International Monetary Fund (IMF) has warned Kenya risks defaulting on international loans as it falls by two steps.
In a report released on Tuesday, the IMF noted that the country’s risk of defaulting on debt repayment had increased from low to moderate.
Imminent repayment of a huge external debt, including part of the 2015 Eurobond, is likely to pile pressure on the country’s revenues.
The report explains that the Government has aggressively instituted austerity measures, hitting Kenyans with hefty tax bills, including the eight per cent Value Added Tax on petroleum products.
It also explains the freezing of development projects and the ongoing crackdown against graft and wastage that has seen a number of high-ranking Government officials arraigned.
Money transfers, telephone and data services have not been spared from the Government’s aggressive measures to raise more revenue.
An important belt-tightening measure spelled out recently includes the move by Treasury to shun expensive commercial loans such as Eurobond and syndicated ones from commercial banks.
Big Four agenda
Instead, Treasury hopes to fund future projects using cheap loans from development partners such as the World Bank and IMF, and working with the private sector to realise its ambitious Big Four agenda.
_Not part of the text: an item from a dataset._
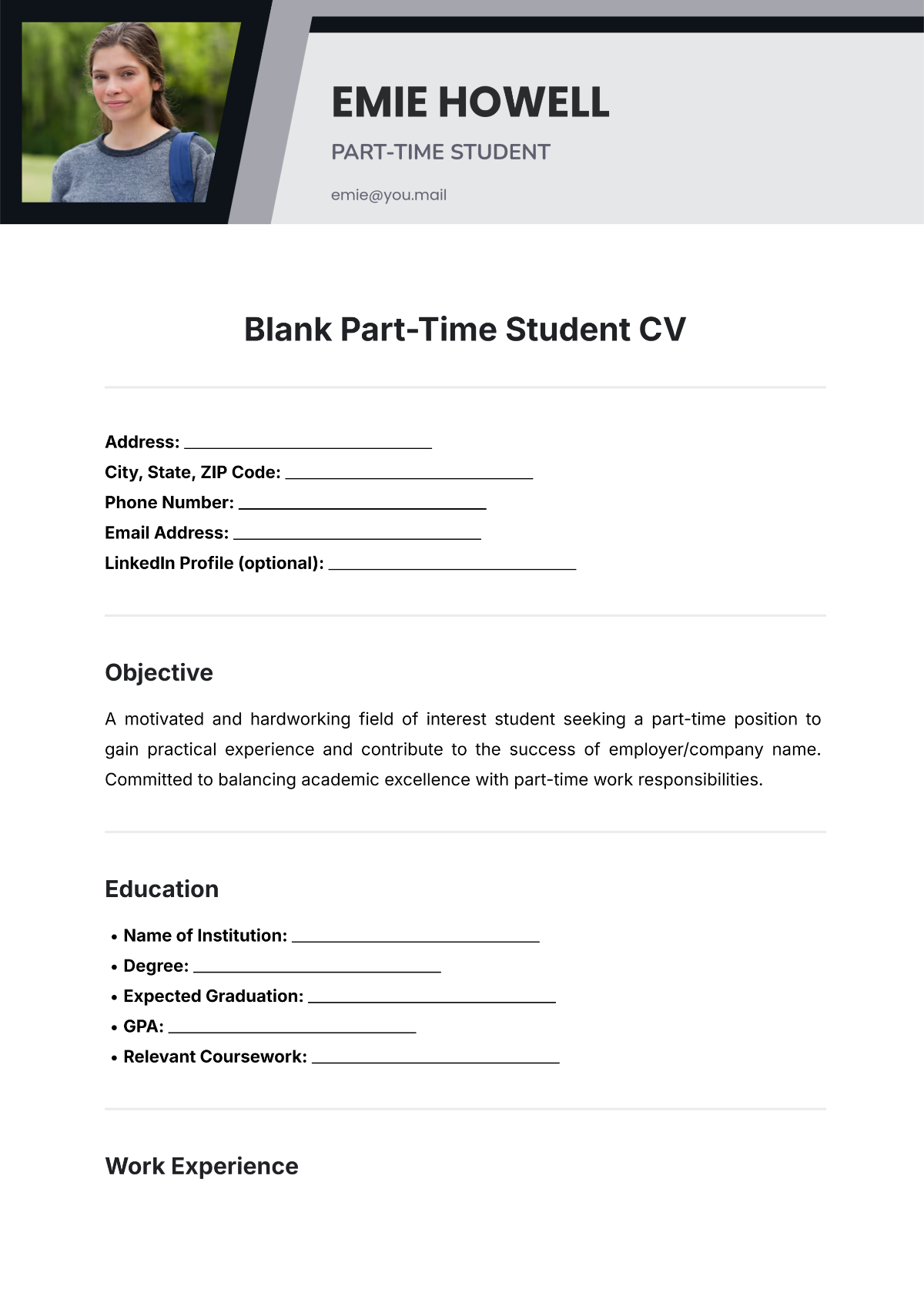 Free Blank Part Time Student CV Template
In the Financial Year ending June 2019, Kenya is expected to repay Sh250.3 billion ($2.5 billion) of its external debt, including a Eurobond repayment of Sh78 billion issued in 2015.
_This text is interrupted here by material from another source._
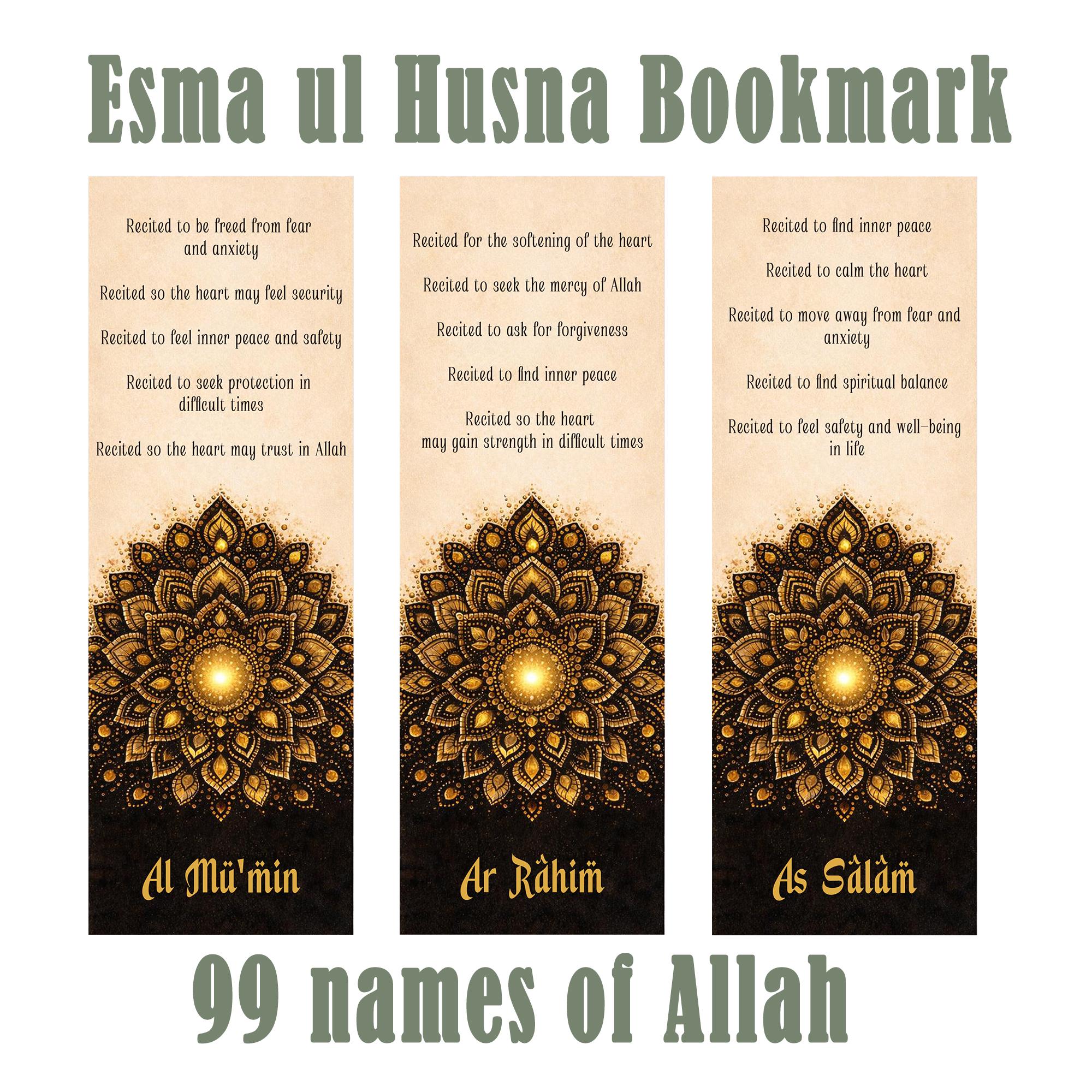 99 Names of Allah Bookmark for Book Lover - Islamic Learning Digital ...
Financial experts warn that since virtually all external debts are denominated in foreign currencies, mostly the US dollar, Kenya’s foreign currency reserve will need to be formidable for the country to be able to repay from its coffers.
In the absence of enough reserves, Kenya will have to borrow additional dollars to offset these loans, in what is known as refinancing.
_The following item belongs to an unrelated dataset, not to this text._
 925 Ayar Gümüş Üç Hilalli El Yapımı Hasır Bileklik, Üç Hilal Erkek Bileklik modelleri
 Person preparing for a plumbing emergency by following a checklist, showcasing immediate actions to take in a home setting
In a separate statement, the Government reluctantly admitted that it would be difficult to get concessionary financing.
Treasury noted that the country had accumulated commercial loans with a short maturity period, a situation that will put pressure on the country’s finances.
The IMF, which has in the past warned against Kenya’s ballooning public debt, said the country’s external debt distress has left it in a delicate situation, where any slight external disturbance such a drought or increase in the global oil prices could plunge it into a financial crisis.
“The higher level of debt, together with rising reliance on non-concessional borrowing, have raised fiscal vulnerabilities and increased interest payments on public debt to nearly one-fifth of revenue,” said IMF.
Although the shilling has held on steady against the US dollar, trading at an average of 101 against the green buck for close to seven months, an improved US economy is likely to put some strain on the Kenyan currency.
Negative sentiments by the IMF might not bond well with investors.
Transaction advisers to the Eurobond told bond holders: “Statements made by the IMF may contain adverse information that could negatively impact the price of the notes.”